The standout performance is undoubtedly by Wordsworth, absolutely compelling and almost heartrending as a human being trying to fight off the thing that is taking over him. He’s especially effective in a car ride where his pained expressions convey all we need to know, but like all good monsters is still scary, stalking around with his raincoat and cactus arm hidden. I just wish there was more footage of Wordsworth, who is way down in the cast list, in this film. It’s the type of performance that is worthy of awards but is never considered because of the type of film it’s in. Another star of the film is Bernard’s icy score for strings and percussion.
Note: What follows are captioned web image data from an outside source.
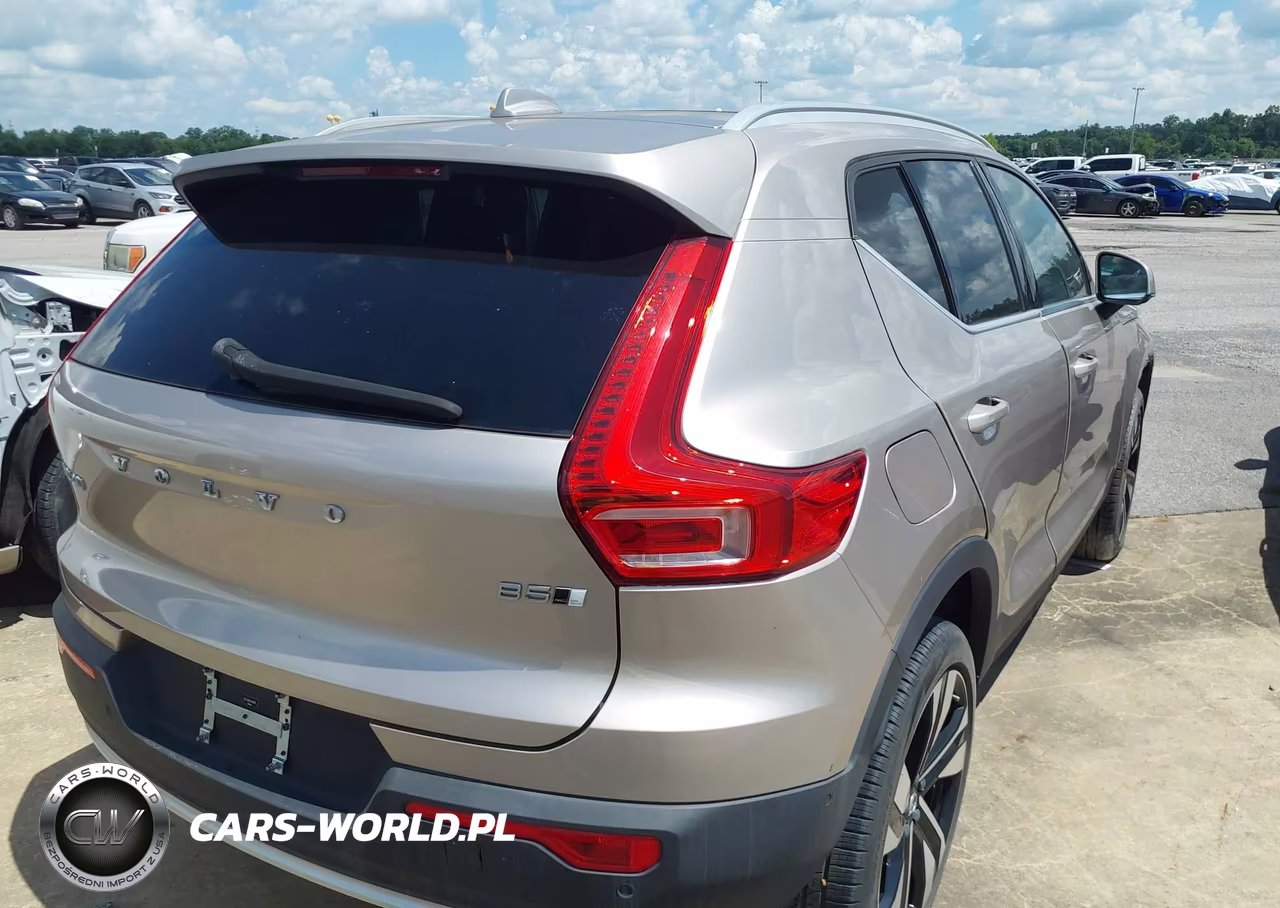 2023 Volvo Xc40 B5 Plus Bright Theme VIN:YV4L12UE1P2049974 - 4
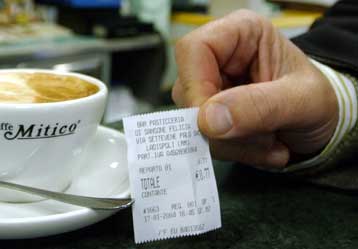 Στη μάχη της συγκέντρωσης αποδείξεων οι φορολογούμενοι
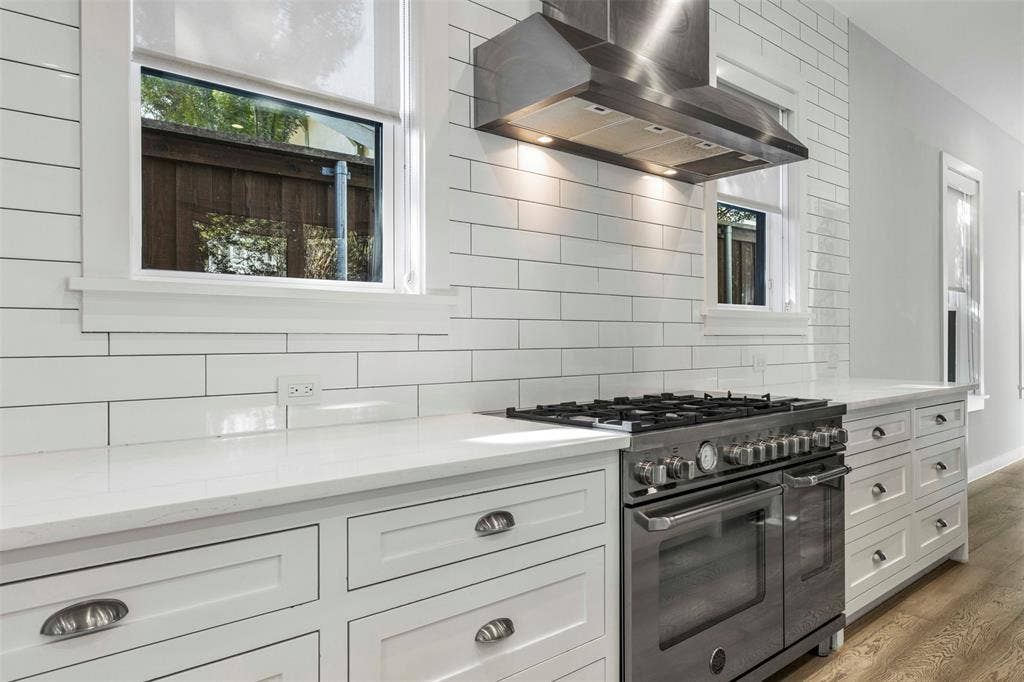 1211 Woodlawn Avenue, Dallas, TX 75208 1211 Woodlawn Avenue, Dallas, TX 75208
Quite unlike the typical horror/sci-fi film music of the time, and only consisting of 20 minutes of music, it’s very minimalist in its primary usage of one three note and one two note semi-tone, and is also notable for when music isn’t used. I guess what holds The Quatermass Xperiment back from being a true classic is its brevity – the film could really do with being at least 20 minutes longer to go deeper into things – but that wasn’t Hammer’s way, and in any case a great many films of wildly varying quality have played with and sometimes developed elements from this film including Lifeforce, The Incredible Melting Man, The Thing and both versions of The Fly. 1959’s First Man Into Space was a solid rehash, though the less said about the 2005 BBC remake, a disaster on nearly every level, the better. A seminal, trend setting work, The Quatermass Xperiment remains exciting, vivid, surprisingly modern and even timely. After all, the film ends with that idiot Quatermass stalking off saying he’s going to try again.